## Source material:
+ + + + +

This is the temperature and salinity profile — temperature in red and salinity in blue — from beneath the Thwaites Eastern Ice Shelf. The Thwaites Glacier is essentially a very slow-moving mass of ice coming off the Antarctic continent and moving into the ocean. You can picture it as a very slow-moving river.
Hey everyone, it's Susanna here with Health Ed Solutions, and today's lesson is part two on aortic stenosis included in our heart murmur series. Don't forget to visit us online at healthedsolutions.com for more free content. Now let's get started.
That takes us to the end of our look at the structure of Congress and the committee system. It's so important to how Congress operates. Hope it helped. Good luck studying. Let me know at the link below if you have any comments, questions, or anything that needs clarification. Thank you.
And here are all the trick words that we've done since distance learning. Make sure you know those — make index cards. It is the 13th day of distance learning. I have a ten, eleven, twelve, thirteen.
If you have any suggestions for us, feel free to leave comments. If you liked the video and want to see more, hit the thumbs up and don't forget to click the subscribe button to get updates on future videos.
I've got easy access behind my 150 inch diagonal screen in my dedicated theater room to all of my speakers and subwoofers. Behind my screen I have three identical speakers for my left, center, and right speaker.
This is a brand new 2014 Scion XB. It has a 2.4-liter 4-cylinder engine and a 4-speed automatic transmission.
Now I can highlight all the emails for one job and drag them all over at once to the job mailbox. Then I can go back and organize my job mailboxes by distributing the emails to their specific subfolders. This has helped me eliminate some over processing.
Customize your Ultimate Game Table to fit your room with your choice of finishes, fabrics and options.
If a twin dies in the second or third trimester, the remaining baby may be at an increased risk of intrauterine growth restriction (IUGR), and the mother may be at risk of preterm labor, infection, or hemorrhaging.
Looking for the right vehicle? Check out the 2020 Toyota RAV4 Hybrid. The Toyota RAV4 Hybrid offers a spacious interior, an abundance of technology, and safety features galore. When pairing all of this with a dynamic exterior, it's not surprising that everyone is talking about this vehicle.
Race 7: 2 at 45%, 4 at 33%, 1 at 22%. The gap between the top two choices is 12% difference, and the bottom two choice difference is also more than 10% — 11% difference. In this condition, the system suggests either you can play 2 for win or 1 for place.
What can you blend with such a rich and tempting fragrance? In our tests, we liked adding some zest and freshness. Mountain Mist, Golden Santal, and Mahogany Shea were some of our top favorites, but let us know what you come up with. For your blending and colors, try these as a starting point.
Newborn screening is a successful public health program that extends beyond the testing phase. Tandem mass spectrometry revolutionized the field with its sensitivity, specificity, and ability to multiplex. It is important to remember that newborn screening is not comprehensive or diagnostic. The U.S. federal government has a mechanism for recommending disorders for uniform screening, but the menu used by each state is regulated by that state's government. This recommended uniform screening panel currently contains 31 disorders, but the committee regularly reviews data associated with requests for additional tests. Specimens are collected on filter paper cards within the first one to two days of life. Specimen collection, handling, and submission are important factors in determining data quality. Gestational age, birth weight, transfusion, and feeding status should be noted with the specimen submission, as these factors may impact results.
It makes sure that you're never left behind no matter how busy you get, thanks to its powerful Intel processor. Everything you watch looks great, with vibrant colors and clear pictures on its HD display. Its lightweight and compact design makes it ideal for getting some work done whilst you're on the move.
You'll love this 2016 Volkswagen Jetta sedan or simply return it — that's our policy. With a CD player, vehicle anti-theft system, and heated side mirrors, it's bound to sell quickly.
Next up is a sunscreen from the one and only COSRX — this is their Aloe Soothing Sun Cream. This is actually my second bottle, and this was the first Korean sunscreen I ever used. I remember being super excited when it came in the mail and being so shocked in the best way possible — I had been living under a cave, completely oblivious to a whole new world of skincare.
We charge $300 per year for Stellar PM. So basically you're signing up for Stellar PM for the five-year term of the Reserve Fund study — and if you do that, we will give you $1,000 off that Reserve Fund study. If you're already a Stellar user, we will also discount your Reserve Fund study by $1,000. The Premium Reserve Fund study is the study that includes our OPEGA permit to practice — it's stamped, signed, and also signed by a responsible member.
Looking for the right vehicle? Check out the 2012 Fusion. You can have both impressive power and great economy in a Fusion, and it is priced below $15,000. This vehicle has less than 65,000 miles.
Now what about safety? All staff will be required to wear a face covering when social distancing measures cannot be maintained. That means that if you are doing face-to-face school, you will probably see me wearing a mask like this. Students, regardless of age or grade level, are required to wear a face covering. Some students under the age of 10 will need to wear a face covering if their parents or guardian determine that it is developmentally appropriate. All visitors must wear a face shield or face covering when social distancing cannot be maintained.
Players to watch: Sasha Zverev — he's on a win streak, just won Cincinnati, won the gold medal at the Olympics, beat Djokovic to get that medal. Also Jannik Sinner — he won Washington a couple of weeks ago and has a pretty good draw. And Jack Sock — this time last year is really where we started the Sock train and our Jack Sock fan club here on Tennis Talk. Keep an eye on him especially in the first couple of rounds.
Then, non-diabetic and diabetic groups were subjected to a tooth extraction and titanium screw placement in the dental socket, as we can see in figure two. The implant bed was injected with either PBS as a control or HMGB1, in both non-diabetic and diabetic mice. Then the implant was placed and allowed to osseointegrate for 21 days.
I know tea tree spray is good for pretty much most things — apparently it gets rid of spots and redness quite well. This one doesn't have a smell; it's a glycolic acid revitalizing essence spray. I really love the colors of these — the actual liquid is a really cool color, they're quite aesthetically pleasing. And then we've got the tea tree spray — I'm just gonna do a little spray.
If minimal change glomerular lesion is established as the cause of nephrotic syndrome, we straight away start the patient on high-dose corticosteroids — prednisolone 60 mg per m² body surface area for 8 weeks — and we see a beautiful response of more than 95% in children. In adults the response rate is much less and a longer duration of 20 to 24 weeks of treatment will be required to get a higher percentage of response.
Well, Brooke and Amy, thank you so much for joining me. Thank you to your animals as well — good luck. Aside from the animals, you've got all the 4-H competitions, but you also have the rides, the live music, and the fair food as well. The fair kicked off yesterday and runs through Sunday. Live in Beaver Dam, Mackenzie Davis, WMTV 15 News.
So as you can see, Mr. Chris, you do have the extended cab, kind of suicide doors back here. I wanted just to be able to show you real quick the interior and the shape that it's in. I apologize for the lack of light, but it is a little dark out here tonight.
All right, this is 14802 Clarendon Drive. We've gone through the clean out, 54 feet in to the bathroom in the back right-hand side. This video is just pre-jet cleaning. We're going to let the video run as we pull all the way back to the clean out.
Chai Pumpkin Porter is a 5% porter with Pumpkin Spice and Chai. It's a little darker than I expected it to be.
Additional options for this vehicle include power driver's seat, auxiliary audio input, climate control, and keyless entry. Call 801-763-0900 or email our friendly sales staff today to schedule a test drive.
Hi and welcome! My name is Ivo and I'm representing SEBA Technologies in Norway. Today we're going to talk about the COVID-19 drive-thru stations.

+ + + + +

## Task instructions:
Copy out precisely the lines from the line with "Well, Brooke and" to the line with "Chai Pumpkin Porter" in the material above, including those two lines and omitting all the rest.

## Response for this exercise:
Well, Brooke and Amy, thank you so much for joining me. Thank you to your animals as well — good luck. Aside from the animals, you've got all the 4-H competitions, but you also have the rides, the live music, and the fair food as well. The fair kicked off yesterday and runs through Sunday. Live in Beaver Dam, Mackenzie Davis, WMTV 15 News.
So as you can see, Mr. Chris, you do have the extended cab, kind of suicide doors back here. I wanted just to be able to show you real quick the interior and the shape that it's in. I apologize for the lack of light, but it is a little dark out here tonight.
All right, this is 14802 Clarendon Drive. We've gone through the clean out, 54 feet in to the bathroom in the back right-hand side. This video is just pre-jet cleaning. We're going to let the video run as we pull all the way back to the clean out.
Chai Pumpkin Porter is a 5% porter with Pumpkin Spice and Chai. It's a little darker than I expected it to be.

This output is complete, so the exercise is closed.